* YOUR TASK *
The lines below from the one with "vidaXL Dārza ēdamgalds" up to and including the one with "Zapatos rojos y plateados talla 36" are what you should set down, exactly and without pictures.

* EXCERPTED RECORDS *
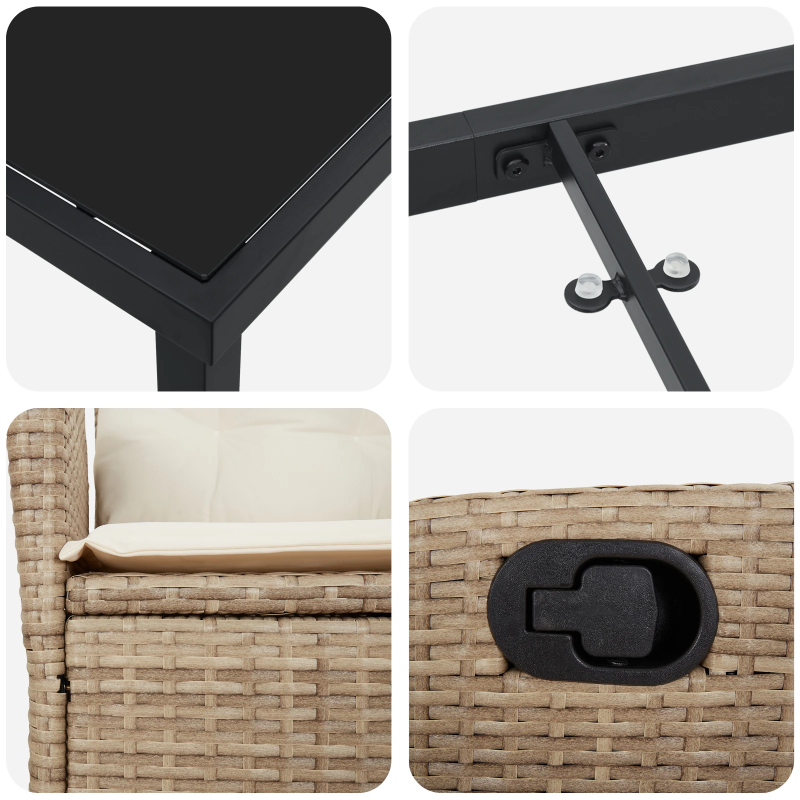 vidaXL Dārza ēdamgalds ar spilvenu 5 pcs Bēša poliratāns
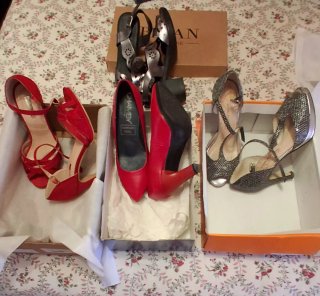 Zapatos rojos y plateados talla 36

* * *

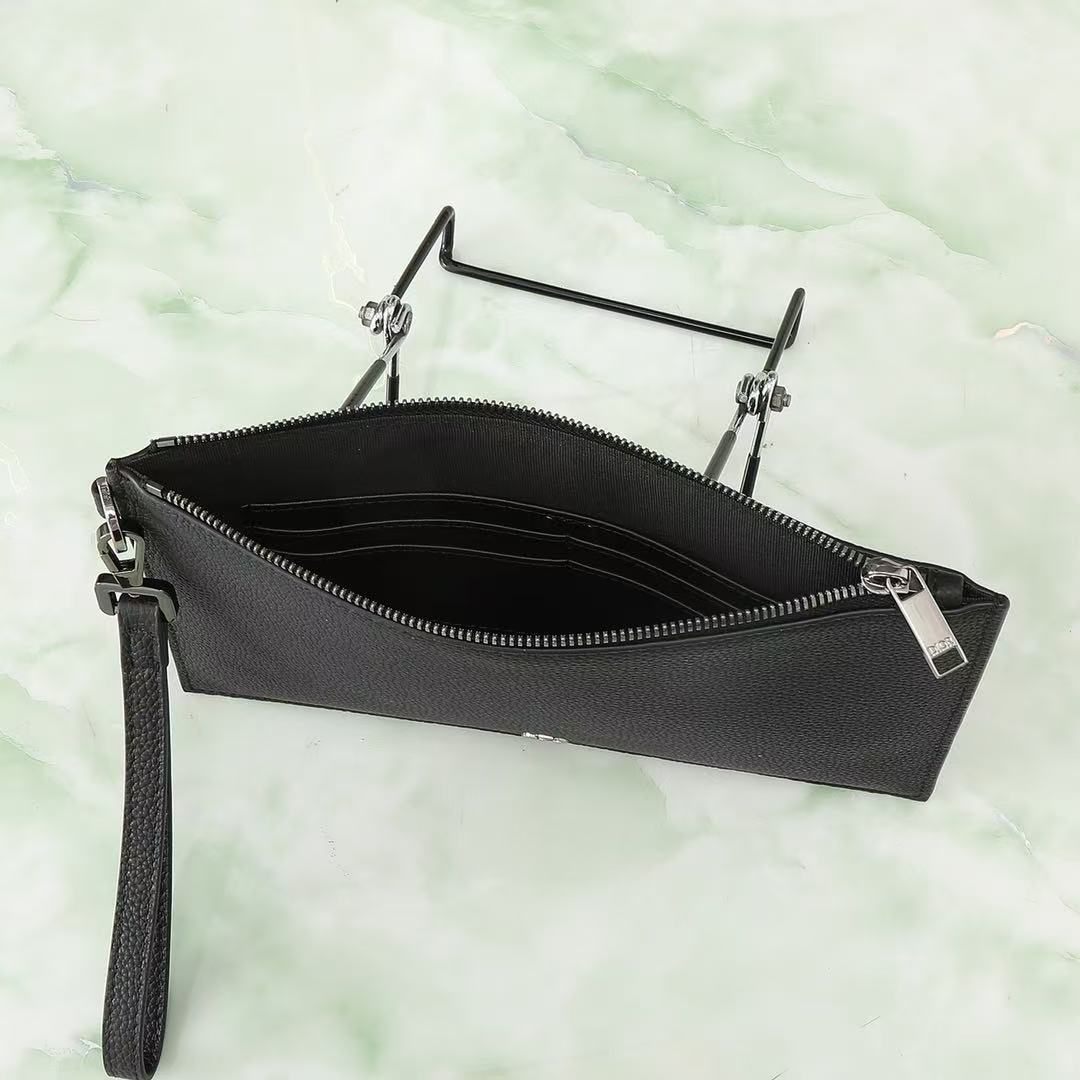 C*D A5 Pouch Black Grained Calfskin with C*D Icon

* RESULT *
 vidaXL Dārza ēdamgalds ar spilvenu 5 pcs Bēša poliratāns
 Zapatos rojos y plateados talla 36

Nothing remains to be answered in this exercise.